The railway revenues are beginning to turn. After failing to meet the Rs 1.8-trillion earnings mark in the past three years, the Railways are now moving closer to the Rs 2-trillion mark — way ahead of the Rs 1.78 trillion it earned last year. The surge is creditable.
The provisions in the interim Budget presented on Friday reflect the robust revenue growth. Indian Railways has, however, projected only a 95 per cent operating ratio. For the past few years, the railway’s wage bill has continued to be more than 60 per cent of its income. But even with digital modes of revenue collection, staff requirement will not come down since it provides services to 8.4 billion passengers annually.

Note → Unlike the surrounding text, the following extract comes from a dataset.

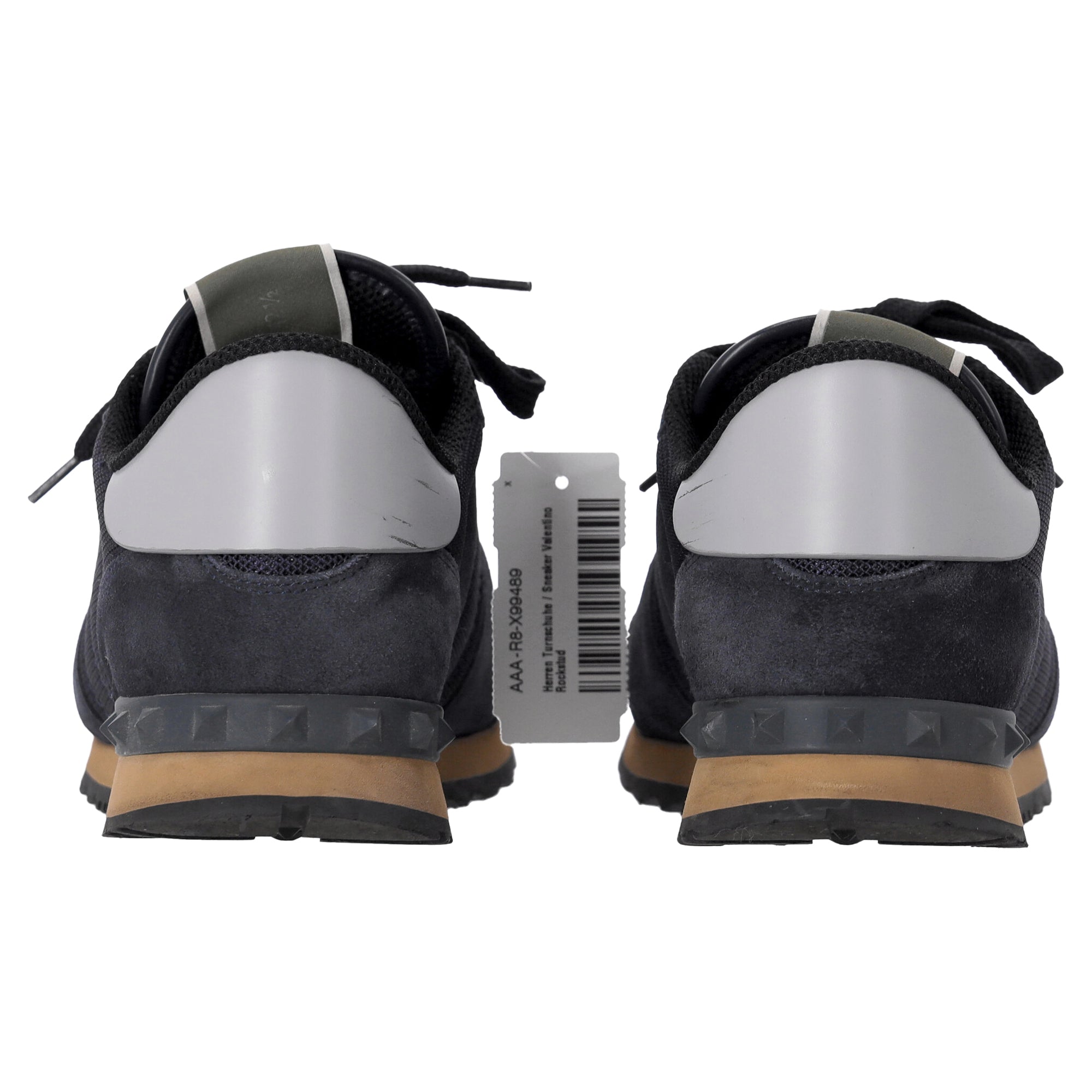 Valentino Garavani Rockrunner Sneakers in Navy Blue Mixed Media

Amtrak, the US railway managed by the federal government, also has a wage bill of 60 per cent of revenue.
R Sivadasan, Retired financial commissioner (railways) & Ex-officio secretary, GoI
Increasing fares is not the only way to improve revenues. The railway needs to target passenger volumes. Currently, the Indian Railways has a per-day ratio of 18 passengers per employee. A small increment, say two more passengers per employee, would add Rs 5,000 crore per annum to the Railways’ revenues. This is equal to a 10 per cent hike in fares. Railway container traffic is not growing too fast. This is an issue that the Railways will perhaps address from 2020.
The increase in capex was expected. Funding projects through borrowings is on the rise. Train 18 has cost about Rs 100 crore. Instead of spending for these from the exchequer, the government can take loans.